▶ _PROBLEM REQUIREMENTS_
Return the lines below that contain "type".

========

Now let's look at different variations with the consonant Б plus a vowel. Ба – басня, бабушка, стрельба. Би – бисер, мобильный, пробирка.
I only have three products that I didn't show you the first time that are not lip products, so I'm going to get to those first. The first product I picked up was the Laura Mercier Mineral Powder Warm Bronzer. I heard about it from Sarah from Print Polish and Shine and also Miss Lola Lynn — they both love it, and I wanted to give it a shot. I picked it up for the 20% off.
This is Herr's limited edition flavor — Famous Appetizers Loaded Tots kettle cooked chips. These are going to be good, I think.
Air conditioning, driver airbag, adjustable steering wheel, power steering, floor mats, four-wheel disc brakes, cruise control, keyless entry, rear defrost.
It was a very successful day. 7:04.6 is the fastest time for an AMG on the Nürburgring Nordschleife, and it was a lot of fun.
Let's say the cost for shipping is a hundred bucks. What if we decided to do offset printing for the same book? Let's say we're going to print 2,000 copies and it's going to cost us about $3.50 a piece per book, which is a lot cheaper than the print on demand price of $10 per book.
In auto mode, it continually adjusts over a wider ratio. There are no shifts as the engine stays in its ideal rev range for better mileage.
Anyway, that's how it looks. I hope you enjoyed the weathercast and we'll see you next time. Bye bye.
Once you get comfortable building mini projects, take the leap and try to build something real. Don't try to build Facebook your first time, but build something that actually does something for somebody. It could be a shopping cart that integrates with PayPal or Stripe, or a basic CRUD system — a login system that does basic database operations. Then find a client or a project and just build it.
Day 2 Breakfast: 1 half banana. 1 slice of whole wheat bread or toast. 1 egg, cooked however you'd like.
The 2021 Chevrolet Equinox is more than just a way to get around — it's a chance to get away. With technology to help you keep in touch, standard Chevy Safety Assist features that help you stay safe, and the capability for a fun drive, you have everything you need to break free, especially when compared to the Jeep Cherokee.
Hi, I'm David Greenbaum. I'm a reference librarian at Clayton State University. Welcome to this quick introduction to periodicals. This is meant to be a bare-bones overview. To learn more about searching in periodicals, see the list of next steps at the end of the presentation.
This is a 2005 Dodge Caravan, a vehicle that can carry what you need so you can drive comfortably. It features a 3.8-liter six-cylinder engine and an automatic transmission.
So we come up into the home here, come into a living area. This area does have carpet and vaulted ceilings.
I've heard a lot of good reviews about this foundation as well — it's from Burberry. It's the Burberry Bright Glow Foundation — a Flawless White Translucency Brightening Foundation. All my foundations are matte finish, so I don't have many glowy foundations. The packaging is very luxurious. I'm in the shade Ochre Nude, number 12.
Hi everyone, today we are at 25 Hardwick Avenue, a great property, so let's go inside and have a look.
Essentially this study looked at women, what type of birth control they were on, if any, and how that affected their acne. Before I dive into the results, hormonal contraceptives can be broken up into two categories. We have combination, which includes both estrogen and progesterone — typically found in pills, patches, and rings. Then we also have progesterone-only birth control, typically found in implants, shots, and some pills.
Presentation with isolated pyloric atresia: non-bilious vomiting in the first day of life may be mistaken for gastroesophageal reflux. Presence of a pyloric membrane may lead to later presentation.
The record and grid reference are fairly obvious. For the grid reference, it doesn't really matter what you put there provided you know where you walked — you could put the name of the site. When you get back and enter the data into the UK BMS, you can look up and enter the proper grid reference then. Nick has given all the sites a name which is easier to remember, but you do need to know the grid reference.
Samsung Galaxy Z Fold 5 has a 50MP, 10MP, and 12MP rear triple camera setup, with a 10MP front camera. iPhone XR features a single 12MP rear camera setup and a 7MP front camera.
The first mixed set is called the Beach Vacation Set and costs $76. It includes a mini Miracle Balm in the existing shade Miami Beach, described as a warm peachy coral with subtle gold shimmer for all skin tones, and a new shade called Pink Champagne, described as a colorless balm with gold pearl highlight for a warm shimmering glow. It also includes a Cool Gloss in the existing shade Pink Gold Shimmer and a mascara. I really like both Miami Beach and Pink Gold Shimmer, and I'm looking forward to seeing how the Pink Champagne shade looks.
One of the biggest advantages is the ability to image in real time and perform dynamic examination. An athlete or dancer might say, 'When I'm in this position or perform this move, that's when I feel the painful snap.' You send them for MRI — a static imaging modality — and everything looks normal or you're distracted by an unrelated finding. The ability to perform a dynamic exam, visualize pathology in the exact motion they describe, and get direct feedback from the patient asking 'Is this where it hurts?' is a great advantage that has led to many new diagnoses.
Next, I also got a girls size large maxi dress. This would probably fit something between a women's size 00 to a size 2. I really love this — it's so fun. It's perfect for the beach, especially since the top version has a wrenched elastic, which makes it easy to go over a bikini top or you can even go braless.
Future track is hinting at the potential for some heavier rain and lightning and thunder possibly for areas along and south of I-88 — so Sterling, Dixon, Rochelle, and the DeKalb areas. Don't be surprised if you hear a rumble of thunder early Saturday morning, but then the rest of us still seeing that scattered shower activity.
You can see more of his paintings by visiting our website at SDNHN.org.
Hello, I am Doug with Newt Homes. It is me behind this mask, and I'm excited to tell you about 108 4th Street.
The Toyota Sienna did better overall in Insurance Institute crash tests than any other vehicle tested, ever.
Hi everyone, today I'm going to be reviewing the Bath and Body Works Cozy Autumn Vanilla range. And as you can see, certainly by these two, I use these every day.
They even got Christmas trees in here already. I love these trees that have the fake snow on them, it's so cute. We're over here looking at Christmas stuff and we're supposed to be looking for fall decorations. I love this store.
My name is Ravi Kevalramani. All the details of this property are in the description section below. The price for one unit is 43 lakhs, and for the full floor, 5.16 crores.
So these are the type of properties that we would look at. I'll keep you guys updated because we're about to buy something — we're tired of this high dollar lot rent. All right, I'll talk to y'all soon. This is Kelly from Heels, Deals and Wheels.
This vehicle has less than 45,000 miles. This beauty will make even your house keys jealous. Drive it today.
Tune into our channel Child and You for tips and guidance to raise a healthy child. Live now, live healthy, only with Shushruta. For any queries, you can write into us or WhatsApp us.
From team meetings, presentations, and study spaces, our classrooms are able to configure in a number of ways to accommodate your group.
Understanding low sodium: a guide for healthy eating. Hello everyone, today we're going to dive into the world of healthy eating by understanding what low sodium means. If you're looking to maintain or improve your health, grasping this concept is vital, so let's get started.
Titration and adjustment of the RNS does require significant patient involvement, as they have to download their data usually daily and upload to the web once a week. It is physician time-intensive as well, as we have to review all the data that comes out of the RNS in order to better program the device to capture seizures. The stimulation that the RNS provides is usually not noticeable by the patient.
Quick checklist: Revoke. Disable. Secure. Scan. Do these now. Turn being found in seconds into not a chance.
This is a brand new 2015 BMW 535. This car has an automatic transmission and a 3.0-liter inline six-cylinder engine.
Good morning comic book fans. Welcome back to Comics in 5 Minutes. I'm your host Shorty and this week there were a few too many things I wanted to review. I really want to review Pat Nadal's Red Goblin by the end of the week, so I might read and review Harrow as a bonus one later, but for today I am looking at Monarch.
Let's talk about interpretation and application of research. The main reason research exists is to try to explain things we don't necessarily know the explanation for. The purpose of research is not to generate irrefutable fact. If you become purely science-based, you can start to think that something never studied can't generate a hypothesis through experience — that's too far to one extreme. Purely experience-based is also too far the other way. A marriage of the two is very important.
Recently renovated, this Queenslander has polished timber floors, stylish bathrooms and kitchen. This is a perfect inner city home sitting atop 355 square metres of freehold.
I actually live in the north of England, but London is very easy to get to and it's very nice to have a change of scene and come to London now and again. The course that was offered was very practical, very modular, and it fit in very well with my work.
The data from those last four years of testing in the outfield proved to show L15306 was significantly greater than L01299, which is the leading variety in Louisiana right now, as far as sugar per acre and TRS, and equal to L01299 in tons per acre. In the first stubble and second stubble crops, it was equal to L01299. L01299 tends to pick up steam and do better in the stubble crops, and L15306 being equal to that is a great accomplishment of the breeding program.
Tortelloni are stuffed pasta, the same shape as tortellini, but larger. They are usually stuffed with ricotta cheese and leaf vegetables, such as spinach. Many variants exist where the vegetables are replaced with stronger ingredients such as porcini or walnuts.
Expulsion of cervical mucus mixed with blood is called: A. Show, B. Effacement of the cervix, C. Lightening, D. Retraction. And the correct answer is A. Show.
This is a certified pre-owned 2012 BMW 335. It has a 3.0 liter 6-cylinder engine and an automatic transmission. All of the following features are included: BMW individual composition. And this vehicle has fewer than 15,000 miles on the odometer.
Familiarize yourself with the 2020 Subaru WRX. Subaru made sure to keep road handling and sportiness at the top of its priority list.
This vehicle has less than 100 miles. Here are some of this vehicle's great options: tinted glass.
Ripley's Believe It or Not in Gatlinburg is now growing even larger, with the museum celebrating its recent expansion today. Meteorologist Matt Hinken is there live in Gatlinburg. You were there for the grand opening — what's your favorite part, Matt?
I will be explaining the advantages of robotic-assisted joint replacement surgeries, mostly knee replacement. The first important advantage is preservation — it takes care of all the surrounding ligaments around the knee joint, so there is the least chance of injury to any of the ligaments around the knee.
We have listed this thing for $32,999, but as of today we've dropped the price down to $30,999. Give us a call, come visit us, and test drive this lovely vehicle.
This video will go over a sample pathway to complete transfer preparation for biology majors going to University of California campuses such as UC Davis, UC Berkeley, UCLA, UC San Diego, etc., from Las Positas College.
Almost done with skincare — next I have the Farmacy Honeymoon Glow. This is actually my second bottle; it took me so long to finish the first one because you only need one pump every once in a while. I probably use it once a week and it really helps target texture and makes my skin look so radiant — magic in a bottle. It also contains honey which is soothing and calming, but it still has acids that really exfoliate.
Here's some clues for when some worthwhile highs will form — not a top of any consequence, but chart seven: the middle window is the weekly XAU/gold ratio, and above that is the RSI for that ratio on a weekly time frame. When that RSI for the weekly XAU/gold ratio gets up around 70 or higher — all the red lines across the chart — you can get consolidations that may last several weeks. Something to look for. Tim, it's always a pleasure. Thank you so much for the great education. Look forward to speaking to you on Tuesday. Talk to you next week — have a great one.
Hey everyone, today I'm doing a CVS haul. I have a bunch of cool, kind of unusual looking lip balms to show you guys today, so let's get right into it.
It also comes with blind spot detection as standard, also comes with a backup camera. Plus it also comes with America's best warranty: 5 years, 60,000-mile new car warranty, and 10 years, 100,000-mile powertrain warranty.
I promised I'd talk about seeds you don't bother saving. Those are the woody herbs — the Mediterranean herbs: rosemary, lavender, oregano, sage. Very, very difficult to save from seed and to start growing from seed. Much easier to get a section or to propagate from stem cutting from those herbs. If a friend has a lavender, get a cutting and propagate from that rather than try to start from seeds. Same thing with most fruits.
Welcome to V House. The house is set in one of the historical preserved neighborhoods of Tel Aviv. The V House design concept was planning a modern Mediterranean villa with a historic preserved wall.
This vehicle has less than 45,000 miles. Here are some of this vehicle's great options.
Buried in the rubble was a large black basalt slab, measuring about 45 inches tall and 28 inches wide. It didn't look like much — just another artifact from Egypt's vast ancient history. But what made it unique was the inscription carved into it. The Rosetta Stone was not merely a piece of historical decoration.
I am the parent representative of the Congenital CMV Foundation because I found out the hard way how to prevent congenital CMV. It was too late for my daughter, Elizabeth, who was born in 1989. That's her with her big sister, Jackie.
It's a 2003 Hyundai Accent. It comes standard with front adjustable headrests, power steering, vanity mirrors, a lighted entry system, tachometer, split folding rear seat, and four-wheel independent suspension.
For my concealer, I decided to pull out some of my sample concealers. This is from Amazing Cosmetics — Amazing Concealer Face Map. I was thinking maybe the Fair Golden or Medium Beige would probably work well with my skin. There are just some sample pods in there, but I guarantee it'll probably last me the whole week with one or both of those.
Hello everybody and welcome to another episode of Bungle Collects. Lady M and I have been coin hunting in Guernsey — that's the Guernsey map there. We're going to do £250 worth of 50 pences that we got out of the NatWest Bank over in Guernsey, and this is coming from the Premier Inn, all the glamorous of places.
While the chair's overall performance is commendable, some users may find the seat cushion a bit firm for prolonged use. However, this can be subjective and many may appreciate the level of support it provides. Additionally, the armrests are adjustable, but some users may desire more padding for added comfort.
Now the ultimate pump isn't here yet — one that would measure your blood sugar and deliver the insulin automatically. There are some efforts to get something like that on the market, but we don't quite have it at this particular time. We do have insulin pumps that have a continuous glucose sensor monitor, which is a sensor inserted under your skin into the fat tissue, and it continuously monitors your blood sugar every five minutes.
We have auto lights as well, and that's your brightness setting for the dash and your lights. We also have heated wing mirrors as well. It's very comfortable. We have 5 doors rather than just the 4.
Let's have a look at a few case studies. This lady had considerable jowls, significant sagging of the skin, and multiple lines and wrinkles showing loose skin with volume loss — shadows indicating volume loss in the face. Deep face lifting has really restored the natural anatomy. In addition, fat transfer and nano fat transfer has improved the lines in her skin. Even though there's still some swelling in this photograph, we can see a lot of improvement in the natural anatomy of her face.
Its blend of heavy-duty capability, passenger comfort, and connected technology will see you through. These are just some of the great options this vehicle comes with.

========

▶ _TASK RESPONSE_
Essentially this study looked at women, what type of birth control they were on, if any, and how that affected their acne. Before I dive into the results, hormonal contraceptives can be broken up into two categories. We have combination, which includes both estrogen and progesterone — typically found in pills, patches, and rings. Then we also have progesterone-only birth control, typically found in implants, shots, and some pills.
So these are the type of properties that we would look at. I'll keep you guys updated because we're about to buy something — we're tired of this high dollar lot rent. All right, I'll talk to y'all soon. This is Kelly from Heels, Deals and Wheels.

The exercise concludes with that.